Es ist geschehen: Diese Woche habe ich mir den Film "The Hunger Games" in der englischen Originalversion angesehen. Es war schon ungewöhnlich, so viele Frauen im Kino zu sehen, die sich ein Splatter-Movie reinziehen. Hinter mir saßen zwei Amerikaner, die sich ständig über ihre körperlichen Übungen und ihren Fitnesszustand unterhielten. Zumindest bevor der Film anfing. Während des Films hatten sie dann die Güte, still zu sein.

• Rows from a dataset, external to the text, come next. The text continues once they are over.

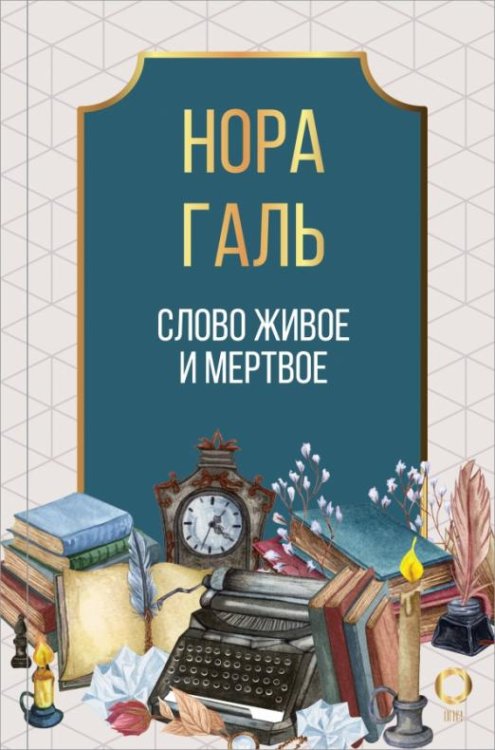 Обложка книги «Слово живое и мертвое» — Галь Нора, ISBN 9785171347345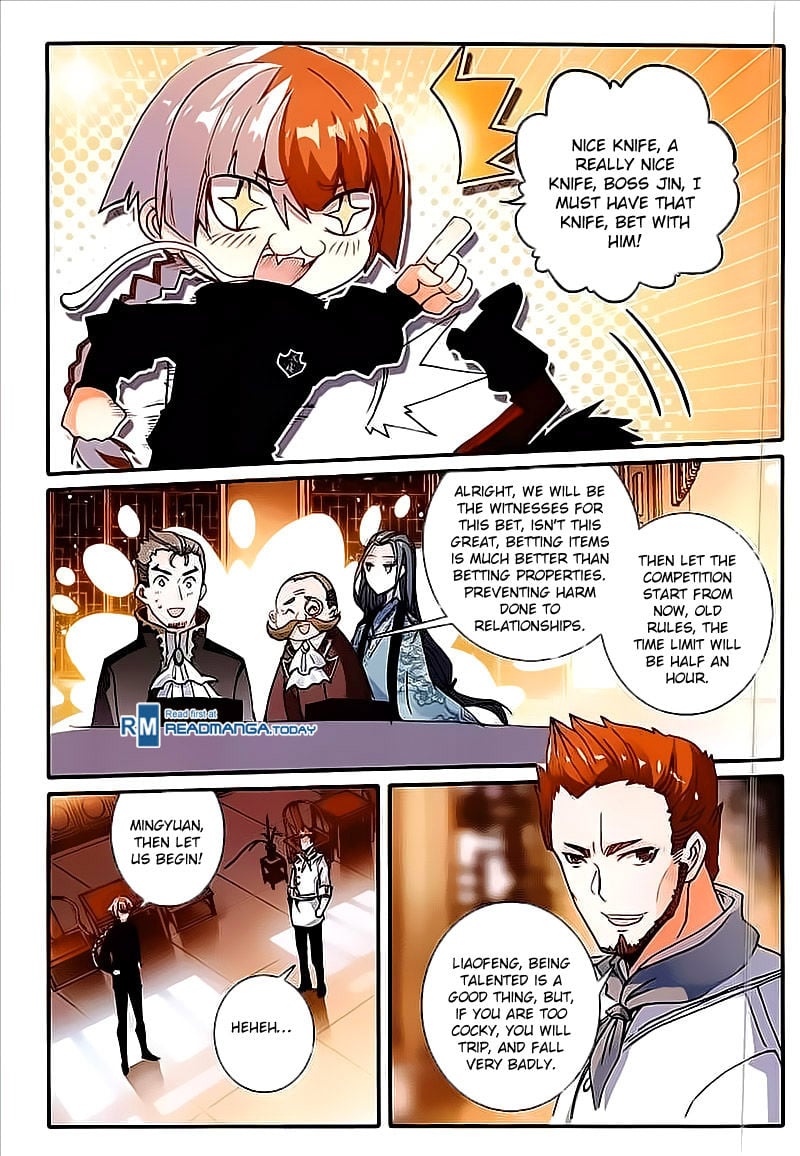 The Magic Chef of Ice and Fire Chapter 36 - page 11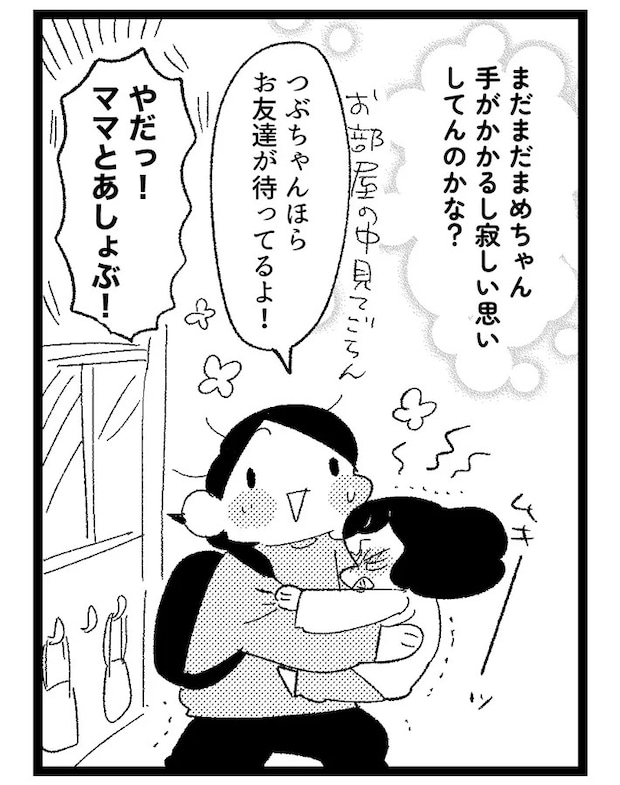 モチダさんの漫画の画像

Die Filmumsetzung war ziemlich packend. "Relentless" ist der richtige Ausdruck dafür. Der Film geht einem, ähnlich wie das Buch, ziemlich an die Nieren. Harter Stoff. Nur bin ich es langsam leid, wenn die Regisseure meinen, der Geschichte durch ständig wackelnde Kameraeinstellungen einen Pseudo-Dokumentationscharakter verleihen zu müssen. Das fiel mir besonders bei den Szenen im Distrikt 12 zu Beginn des Films auf. Vielleicht war der Kameramann aus dem Distrikt 12 ja vor Hunger so geschwächt, dass er die Kamera nicht richtig halten konnte.

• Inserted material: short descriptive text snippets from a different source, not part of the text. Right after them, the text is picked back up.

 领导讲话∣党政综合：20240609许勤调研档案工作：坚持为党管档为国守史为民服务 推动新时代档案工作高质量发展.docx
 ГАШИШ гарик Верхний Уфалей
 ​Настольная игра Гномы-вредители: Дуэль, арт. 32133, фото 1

Und dann diese Close-Ups. Jennifer Lawrence alias Katniss guckt wie eine waidwunde Pietà in die Kamera. Immer derselbe schockiert-verzweifelt-trotzige Blick. Die hoffnungsvolle Schauspielerin mag zwar für den Film auf Bäume geklettert sein und Bogenschießen gelernt haben, aber ihre Mimik in den ultranahen Close-Ups ist nicht gerade abwechslungsreich. Irgendjemand muss ihr spätestens bis zum nächsten Film verklickern, dass sie keine trauernde Muttergottes spielen soll, sondern eine Jeanne d'Arc. Das muss sie hinkriegen, sonst droht für den Nachfolgefilm "Catching Fire" die Goldene Himbeere. Unausweichlich.
Der Regisseur des ersten Teils hat ja bereits signalisiert, dass er für den zweiten Film nicht zur Verfügung steht. Angeblich sind zeitliche Probleme daran schuld. Aber ich befürchte, er hat das zweite Buch gelesen und gemerkt, dass man daraus leider nicht viel machen kann, weil es über weite Strecken leider nur eine schwache Reprise des ersten Teils ist.

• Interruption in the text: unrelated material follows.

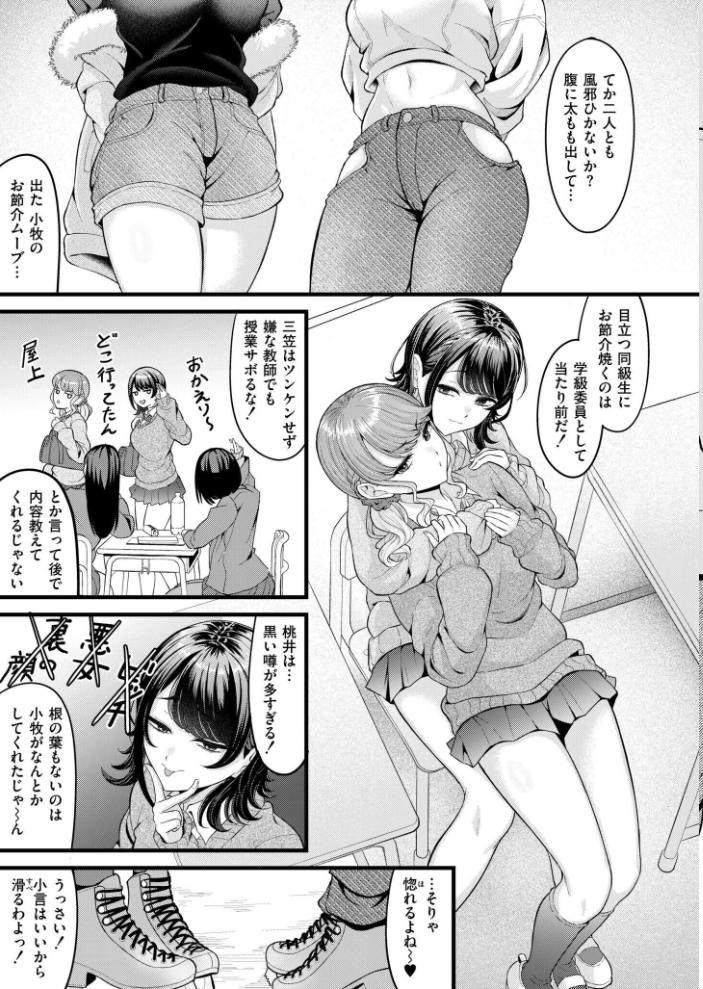 エロ漫画:クラスメイトのWギャルとは純愛にならない!? 【木戸番 COMIC快艶編集部】 サンプル画像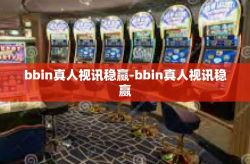 bbin真人视讯稳赢-bbin真人视讯稳赢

Eine komische Note zum Schluss: Unmittelbar nach Beginn des Filmes singt Katniss ihrer kleinen Schwester ein Schlaflied, um sie zu beruhigen. Ich war in diesem Moment so sehr versucht, "Soft Kitty" zu singen. So ungefähr wie hier (ab 1:07):
Aber das hätte wohl keiner kapiert. Das Publikum hätte mich wahrscheinlich gelyncht, obwohl die beiden Amis, die hinter mir saßen, die Anspielung möglicherweise verstanden hätten. Es ist einfach ein Sakrileg, Idole zu dekonstruieren. Dabei hätte ein kleiner befreiender, witziger Moment dem Film gutgetan, der ansonsten völlig humorfrei und ziemlich beklemmend war. Ein bisschen "Soft Kitty" hätte daher nicht geschadet.